In January, Rep. Jeff Denham (R-Calif.) introduced a bill that would provide legal status to illegal immigrants if they join the military. The Encourage New Legalized Immigrants to Start Training (ENLIST) Act (H.R. 60) would allow "Dreamers" to receive lawful permanent resident (LPR) status in exchange for military service.

While promoted by some of its supporters as a solution to our military preparedness problem, the ENLIST Act is amnesty—little more than a backdoor promise of citizenship for those who came here illegally. The bill would further damage our broken immigration system by putting those in violation of the law ahead of those who want to come to our country legally. It is difficult to argue that such an arrangement advances U.S. national security objectives. Conservatives should oppose the ENLIST Act and fight any effort by Rep. Denham or others to attach the bill to the annual National Defense Authorization Act (NDAA) later this year.

Below are some commonly made claims and straightforward conservative responses:

Claim: The ENLIST Act does not provide backdoor amnesty, only lawful permanent resident status.

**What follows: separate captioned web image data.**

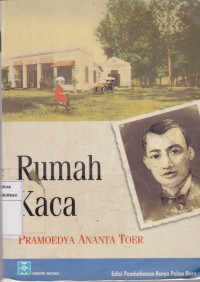 Image of Rumah kaca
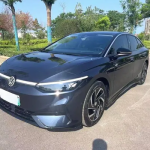 Volkswagen ID.7 VIZZION 2024 First Edition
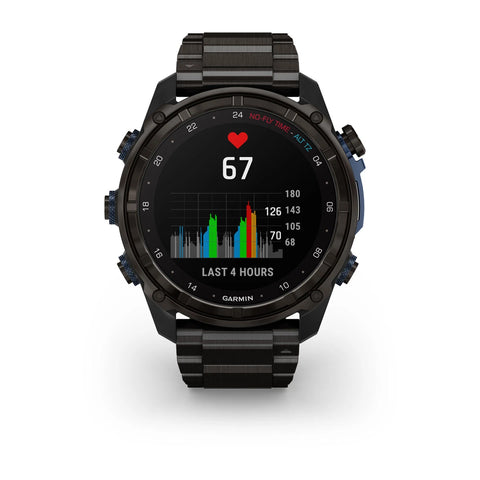 Descent™ Mk3i – 51 mm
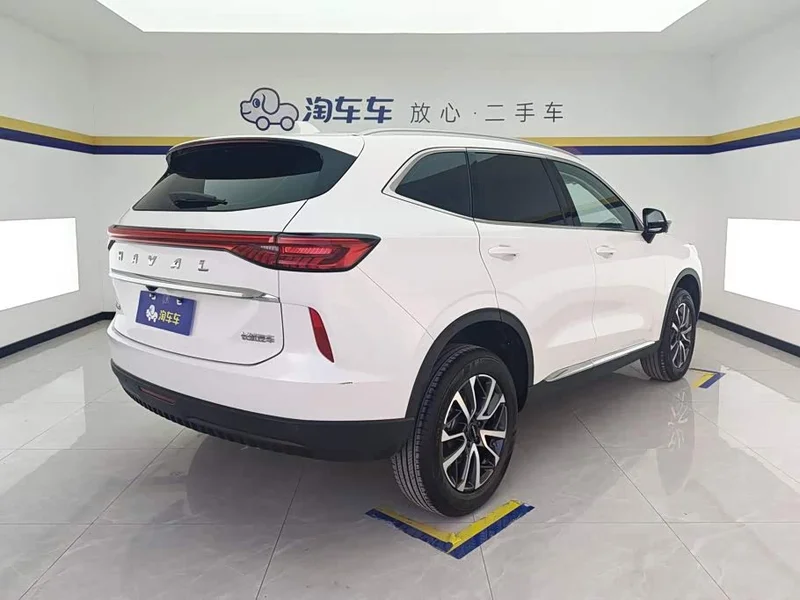 Haval H6 — фото 3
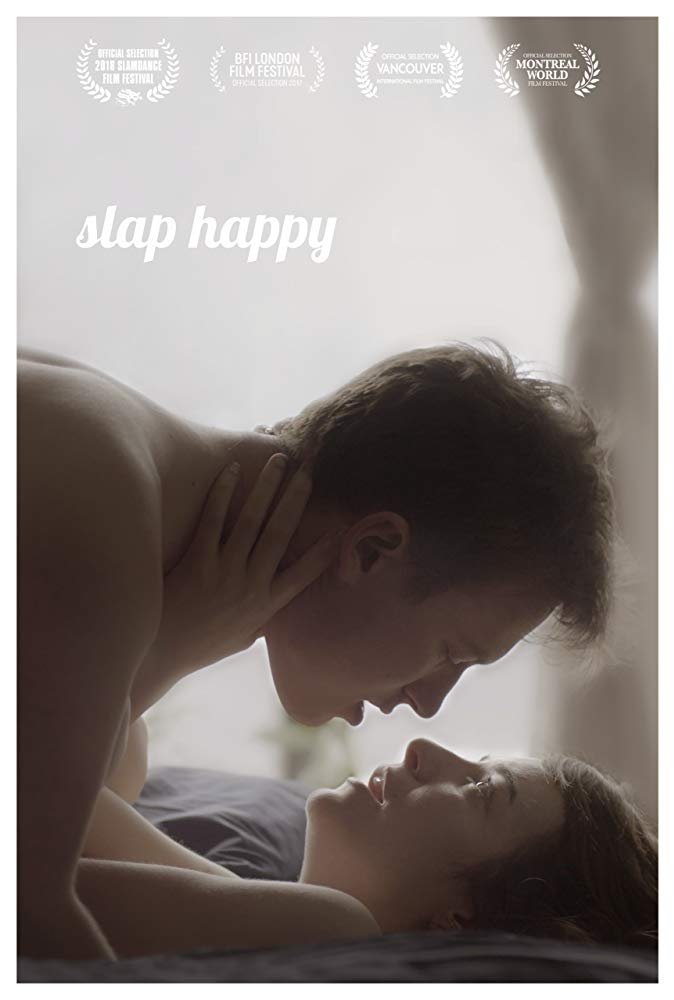 Slap Happy photo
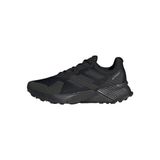 Adidas Web Boost W Kadın Spor Ayakkabısı, Çekirdek Siyah Karbon Gri Altı, 10
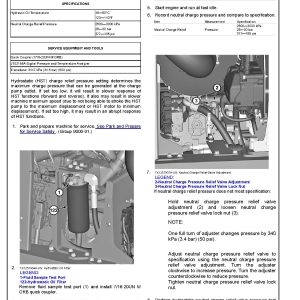 John Deere 643L II Wheeled Feller Buncher Operation Test Technical Manual TM14331X19 (3)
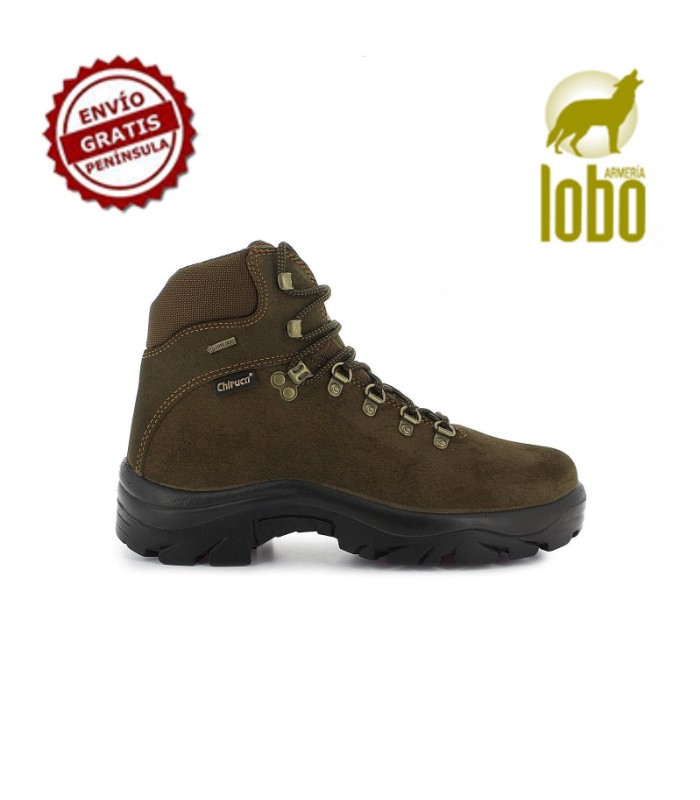 BOTA CHIRUCA MOD. POINTER 01 GORE T.Nº44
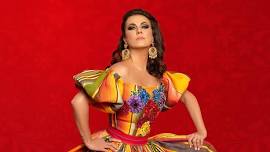 EDITH MÁRQUEZ - ETERNA E INOLVIDABLE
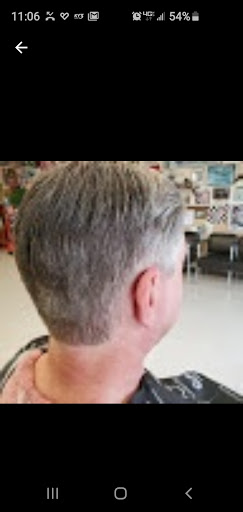 Barber Shop «Style Barber Shop», reviews and photos, 2256 S Campbell Ave, Springfield, MO 65807, USA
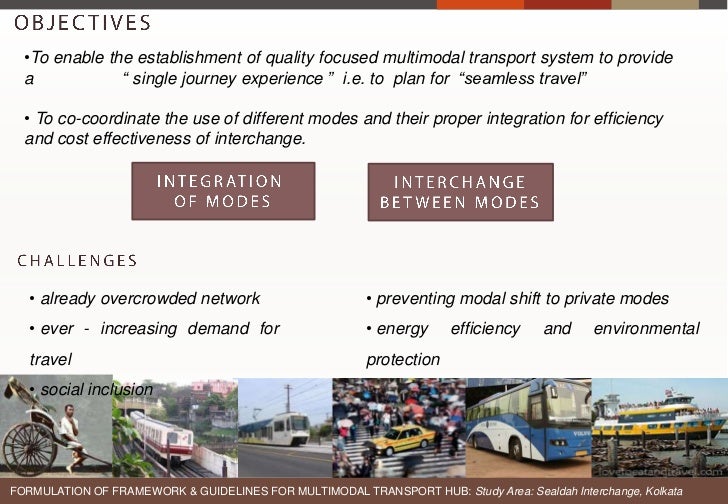 Anand vihar transit hub case study image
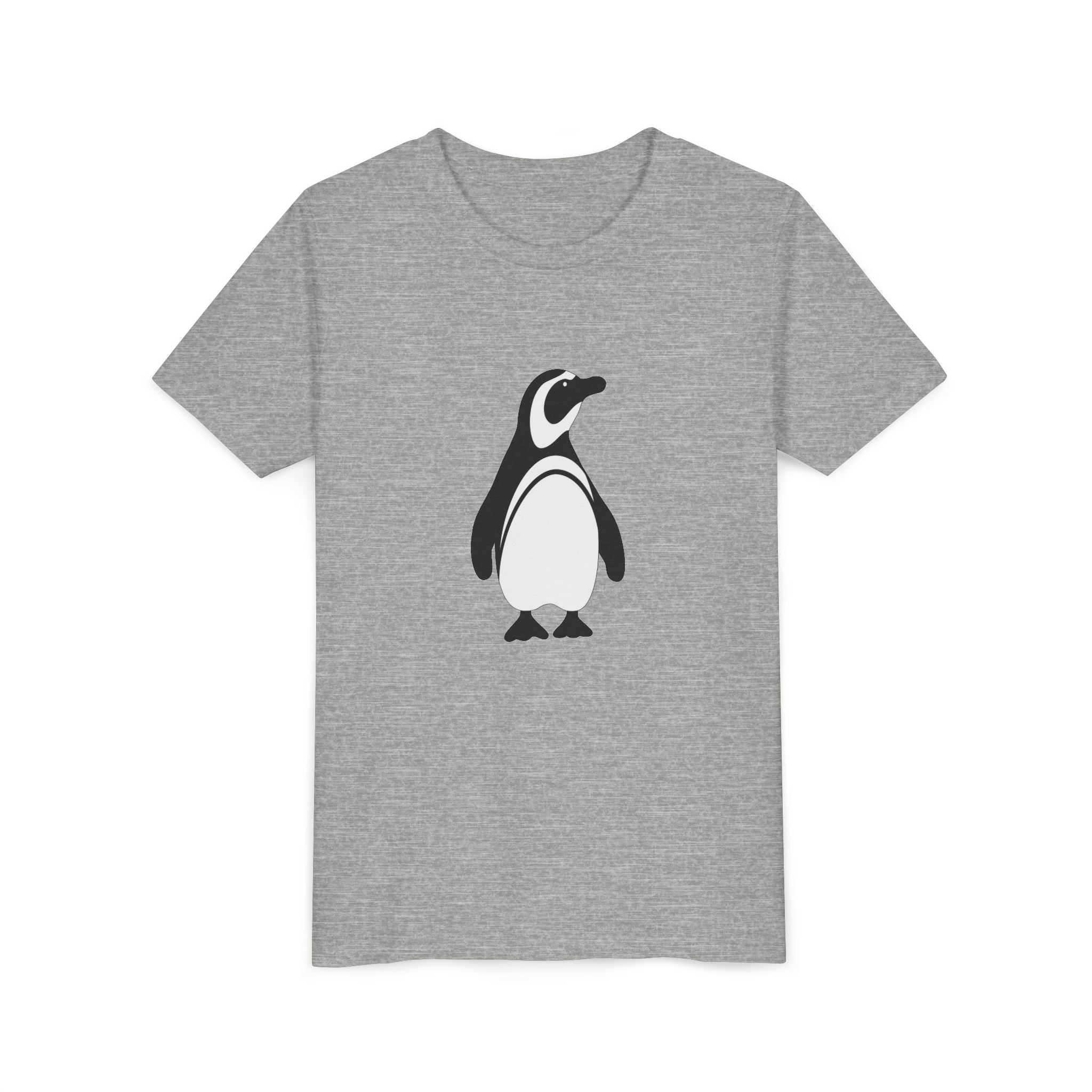 Penguin Print T-shirt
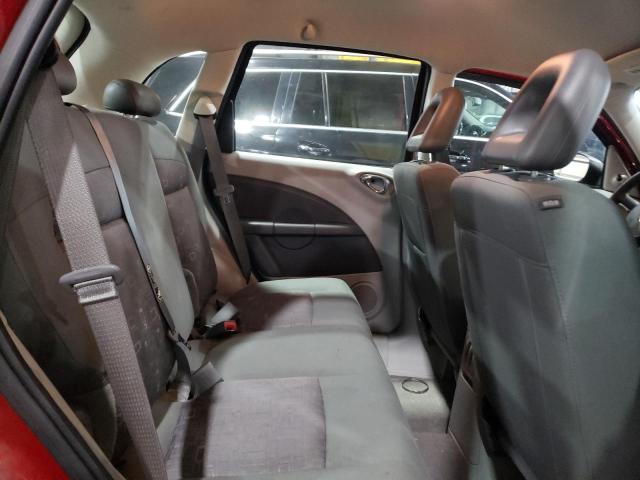 Photo 10 from auction – 2010 CHRYSLER PT CRUISER with VIN 3A8FY48989T519951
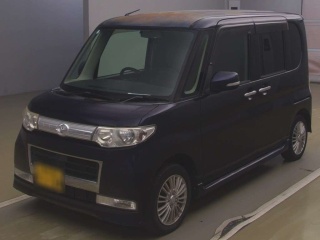 DAIHATSU TANTO 2008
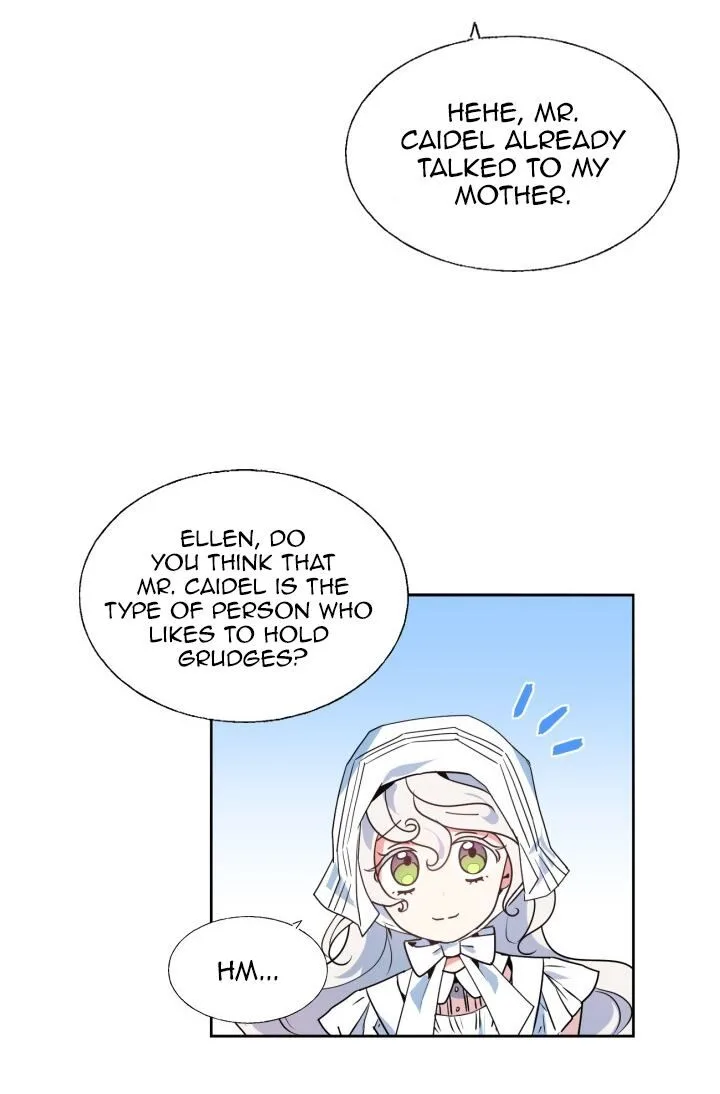 A Witch’s Hopeless Wish Chapter 16 page 24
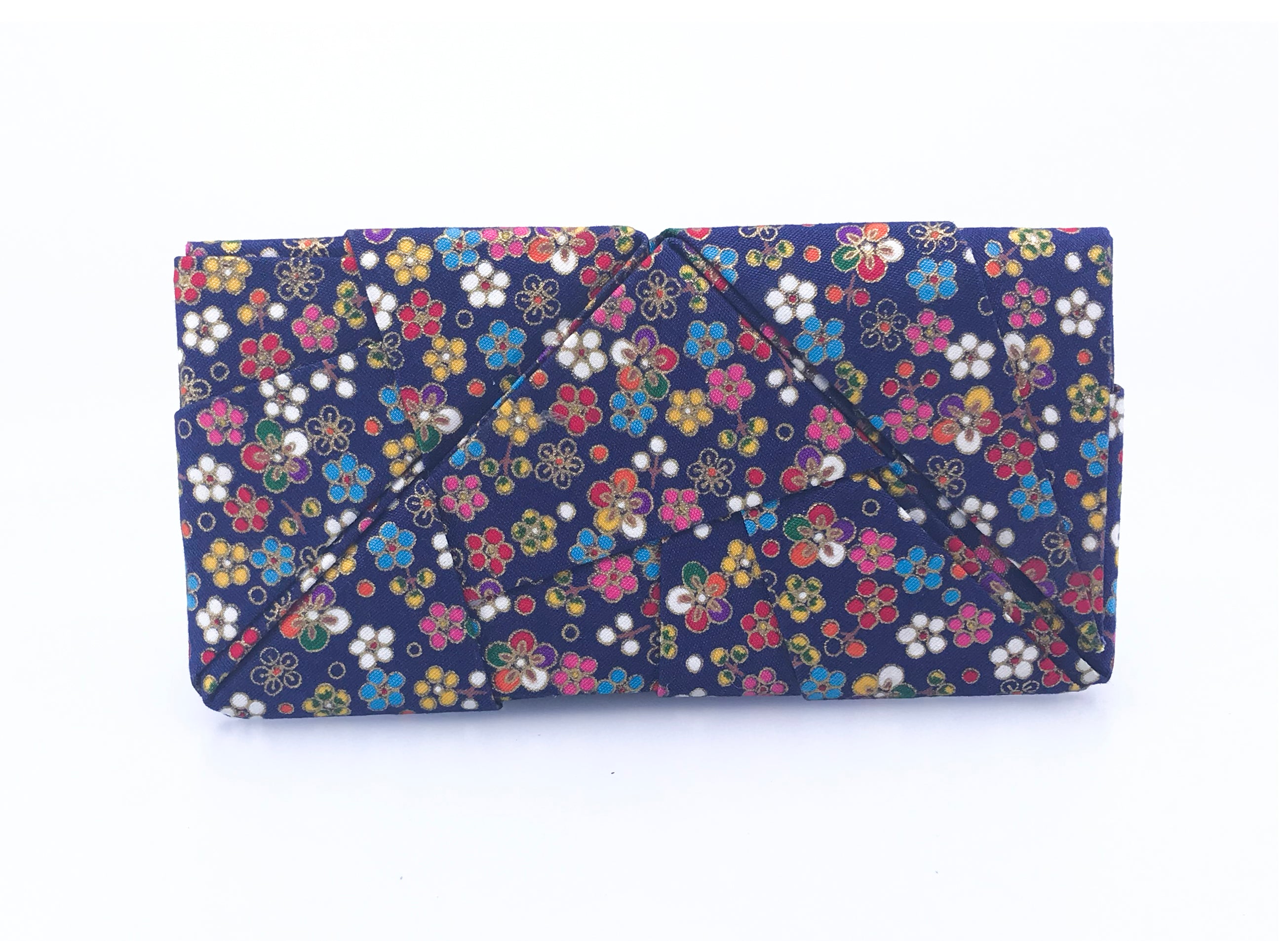 Whimsey Flower Wallet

Response: Once an illegal immigrant acquires LPR status through this bill, they are eligible to apply for citizenship on an expedited basis and become citizens within months. Heritage Foundation Senior Legal Fellow Charles Stimson explains:

"[S]ections 328 and 329 of the Immigration and Nationality Act (INA) allow LPRs to apply for expedited naturalization either after one year of military service or after one day of military hostilities, respectively. Thus, if the ENLIST Act were passed in its current form, illegal immigrants who signed up for military service would obtain LPR status immediately and, after one day of service during conflict, could apply for expedited citizenship. That process takes only a matter of months."

Claim: Earning legal status by serving in the military is not amnesty. 

Response: The ENLIST Act turns the notion of an all-volunteer military on its head. Wade Miller, a Marine combat veteran and South Central Regional Coordinator for Heritage Action, explains it would "undermine the important social narrative that allows our all-volunteer military to thrive, namely that service is a benefit, as opposed to a punishment." Miller continues:

"It is a privilege to serve in America's all volunteer force, and that service instills some of the most valuable virtues a citizen could hope for in a Republic. Military service also builds within one the vital moral warrior ethos that every peaceful society must maintain. The United States government also spends significant amounts of money to impart enduring skills on military servicemen and women. The financial compensation for my time in the military pales in comparison to the betterment of my character that military service and combat experience gave me.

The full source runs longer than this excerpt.